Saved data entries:
○ ○ ○ ○ ○

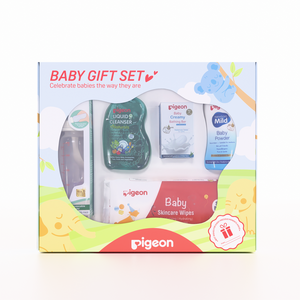 Pigeon baby gift set packaging with various products on a white background. Pigeon Baby Gift Set (5 Products) go littles product main image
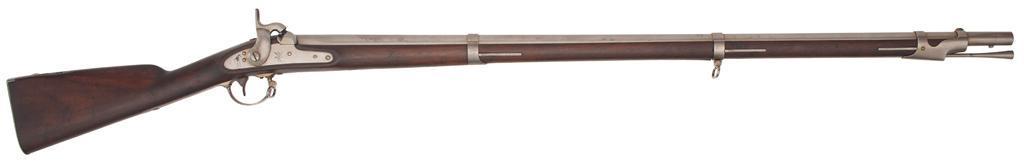 U.S. Model 1842 Harper's Ferry Musket: .69 caliber, 42" barrel, NSN. Armory bright finish with walnut stock secured bay three barrel bands. Brass front sight brazed to front strap of first barrel band. Barrel shows correct "V/P/[ea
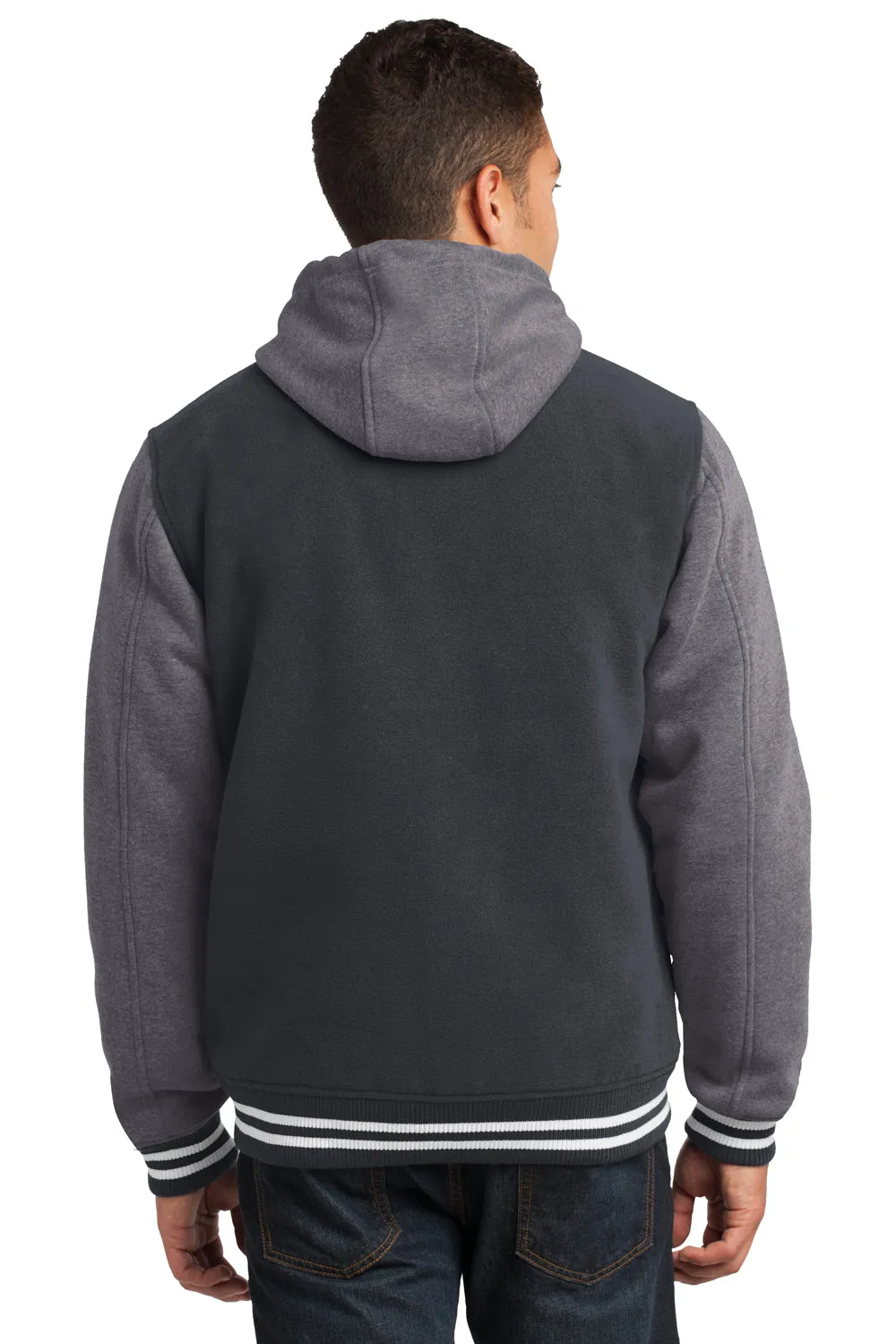 Sport-Tek Mens Snap Down Hooded Letterman Jacket - Graphite Grey/Heather Vintage Grey/White - Closeout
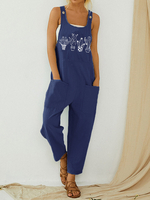Cactus Plants Print sans manches jambe large Plus Taille Combinaison avec poches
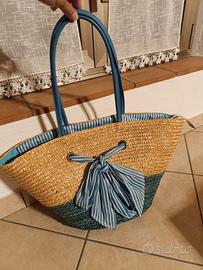 Borsa mare in paglia con fiocco blu SEGUE 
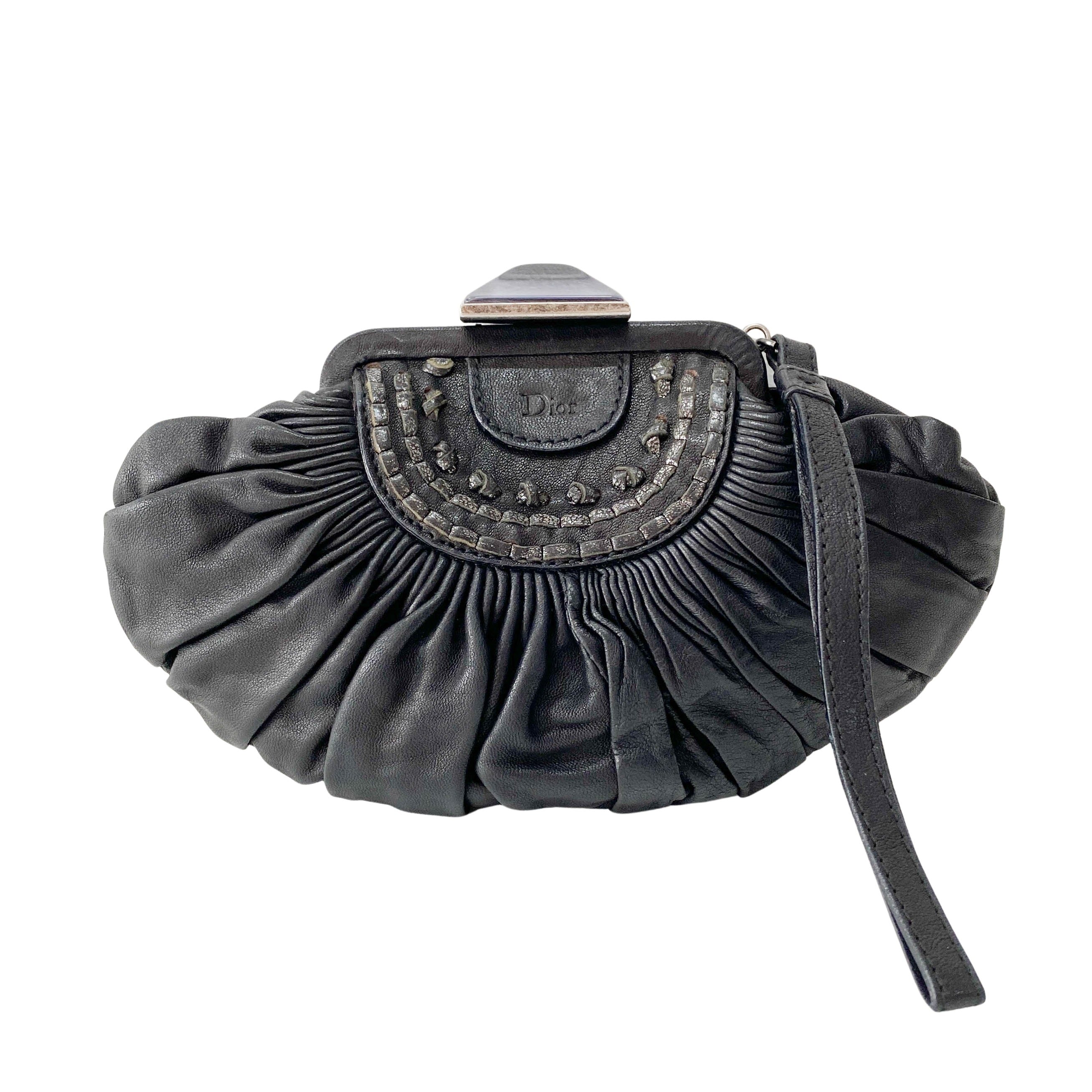 Mini Pochette Black Leather Clutch Bag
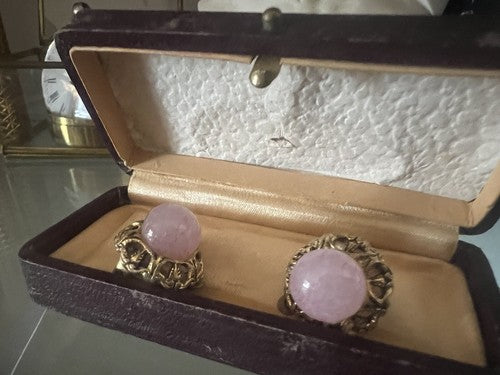 Boucles D'Oreilles Clips Fleur Rose Avec Dentelle Pierre Center en Relief Cru 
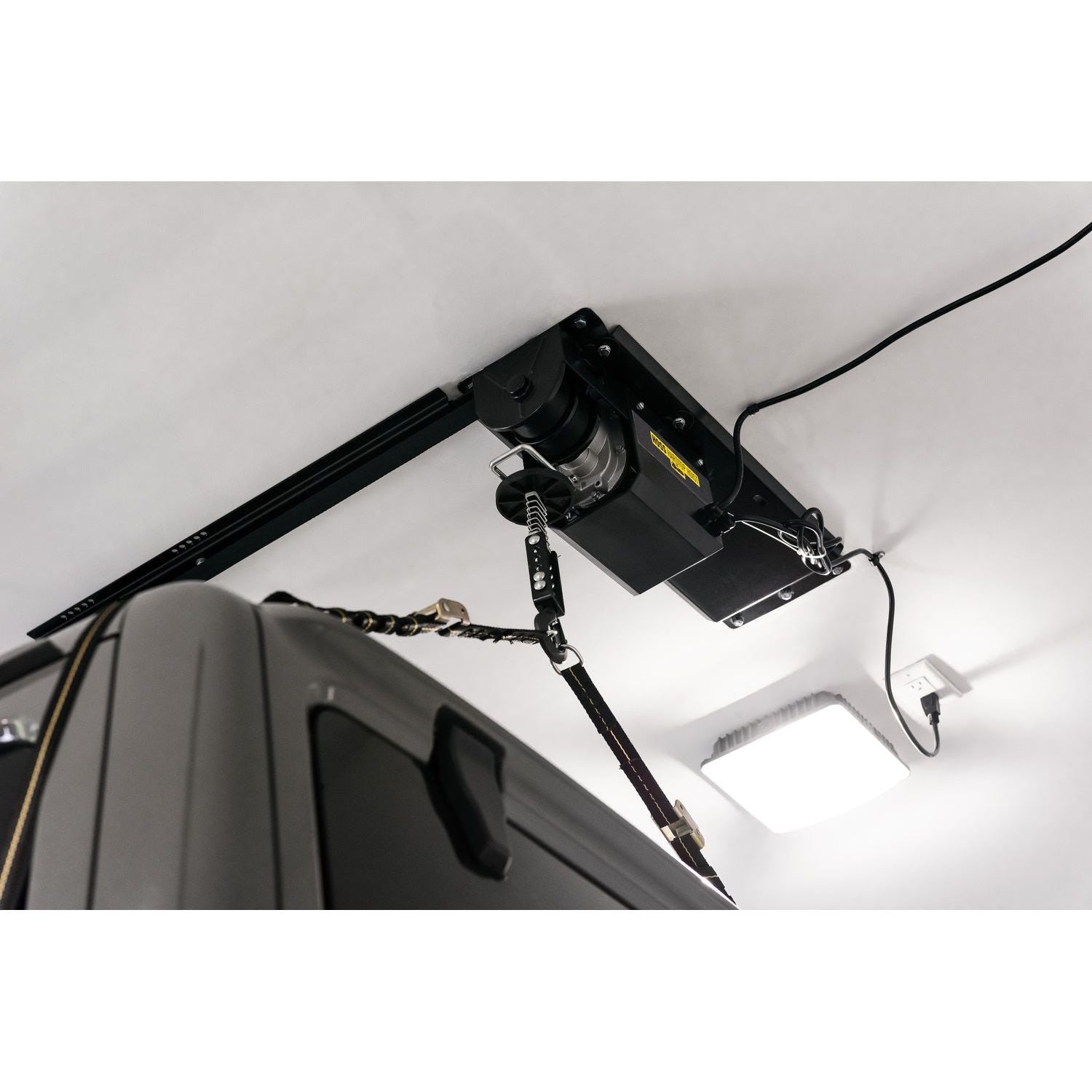 BESTOP | HOSS Hardtop Hoist Jeep 2018-26 Wrangler JL Black Bestop | 42820-01 installed in garage with Jeep hardtop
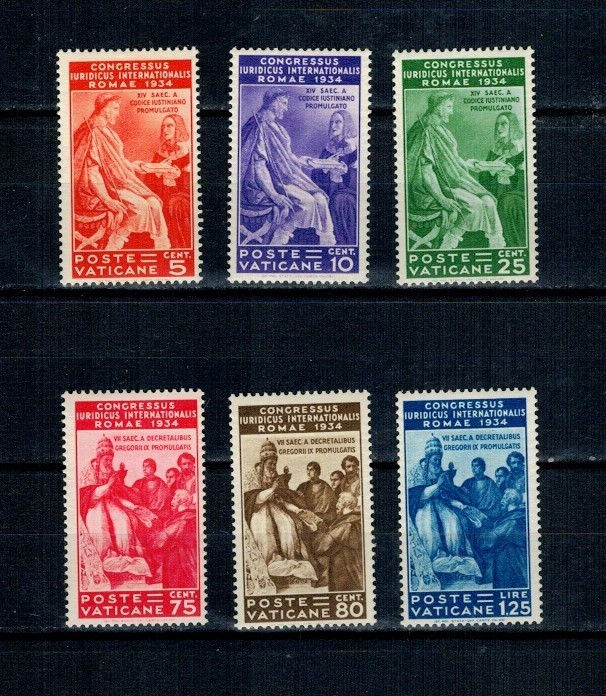 Vatican 1935 - Congres Juridic, serie nestampilata, cu urme de sarniere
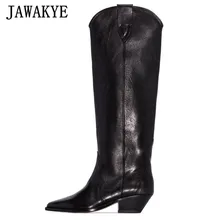 Женские сапоги до колена из натуральной кожи в западном стиле; Цвет Черный; зимние сапоги с острым носком; женские ковбойские рыцарские Сапоги на каблуке «рюмочка»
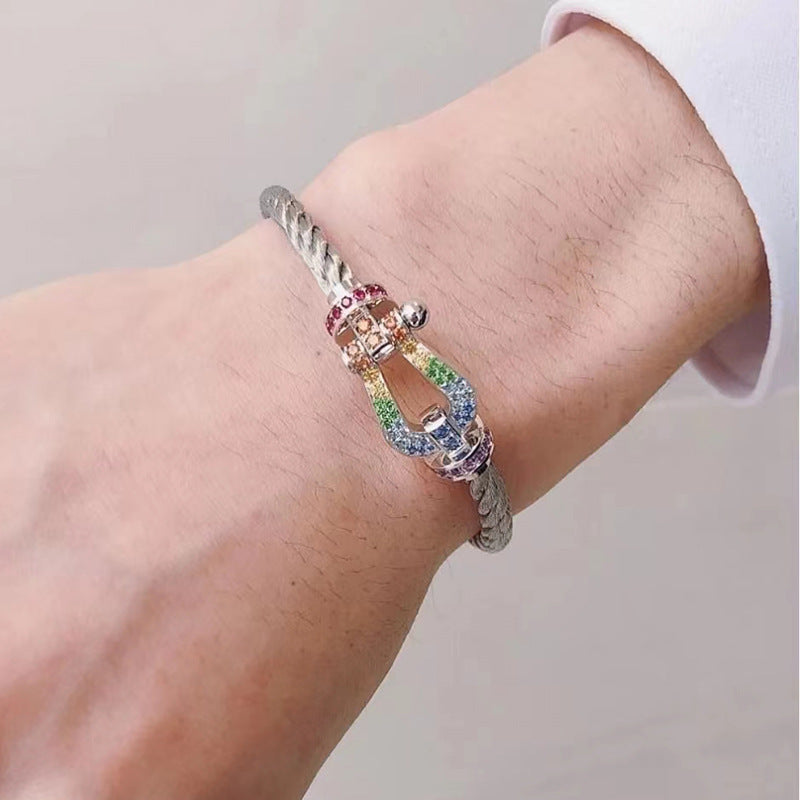 [Super CiCi ]FORC LARGE HORSESHOE  COLORED DIAMOND BRACELET SILVER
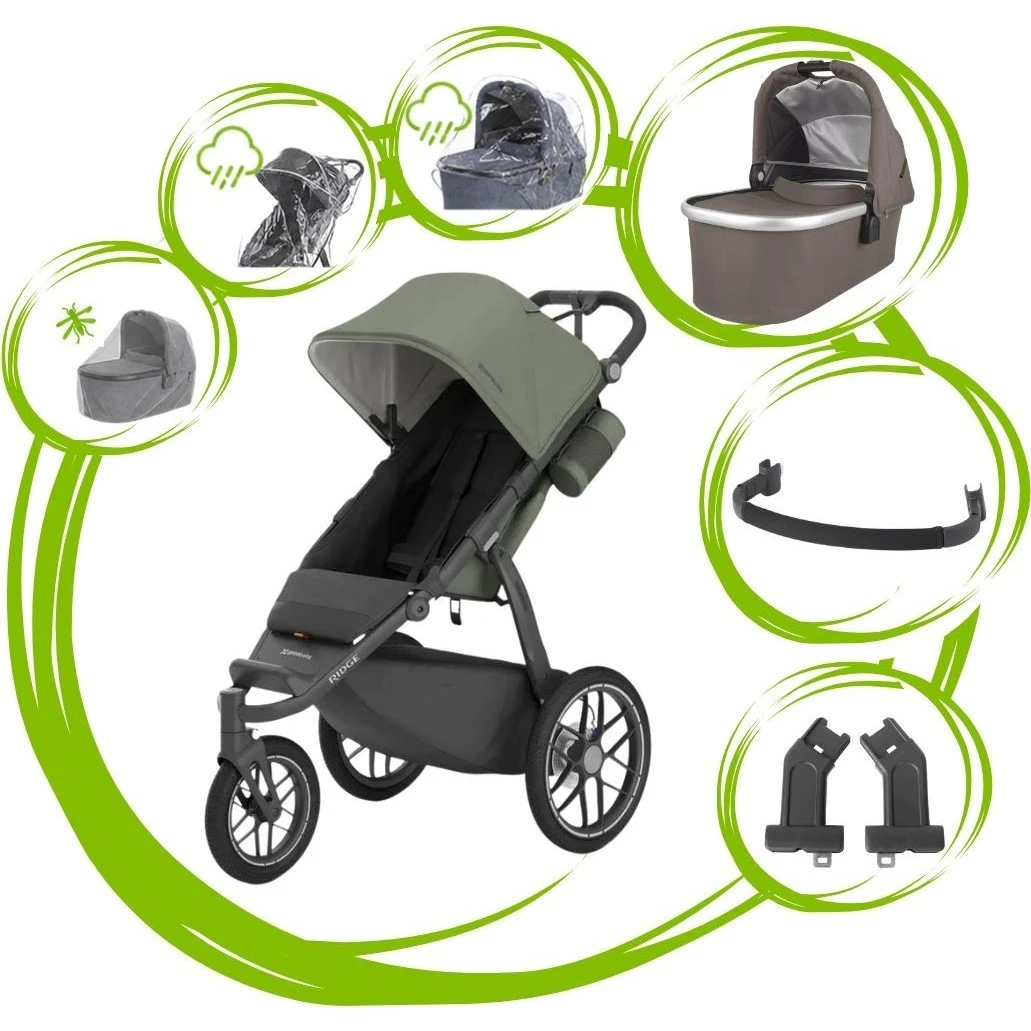 UPPAbaby Ridge V2 varianta Evelyn green + theo dark taupe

○ ○ ○ ○ ○

Leave out the pictures, then copy all the remaining text in the records exactly.

PROBLEM SOLUTION:
 Pigeon baby gift set packaging with various products on a white background. Pigeon Baby Gift Set (5 Products) go littles product main image
 U.S. Model 1842 Harper's Ferry Musket: .69 caliber, 42" barrel, NSN. Armory bright finish with walnut stock secured bay three barrel bands. Brass front sight brazed to front strap of first barrel band. Barrel shows correct "V/P/[ea
 Sport-Tek Mens Snap Down Hooded Letterman Jacket - Graphite Grey/Heather Vintage Grey/White - Closeout
Cactus Plants Print sans manches jambe large Plus Taille Combinaison avec poches
 Borsa mare in paglia con fiocco blu SEGUE 
 Mini Pochette Black Leather Clutch Bag
 Boucles D'Oreilles Clips Fleur Rose Avec Dentelle Pierre Center en Relief Cru 
 BESTOP | HOSS Hardtop Hoist Jeep 2018-26 Wrangler JL Black Bestop | 42820-01 installed in garage with Jeep hardtop
 Vatican 1935 - Congres Juridic, serie nestampilata, cu urme de sarniere
 Женские сапоги до колена из натуральной кожи в западном стиле; Цвет Черный; зимние сапоги с острым носком; женские ковбойские рыцарские Сапоги на каблуке «рюмочка»
 [Super CiCi ]FORC LARGE HORSESHOE  COLORED DIAMOND BRACELET SILVER
 UPPAbaby Ridge V2 varianta Evelyn green + theo dark taupe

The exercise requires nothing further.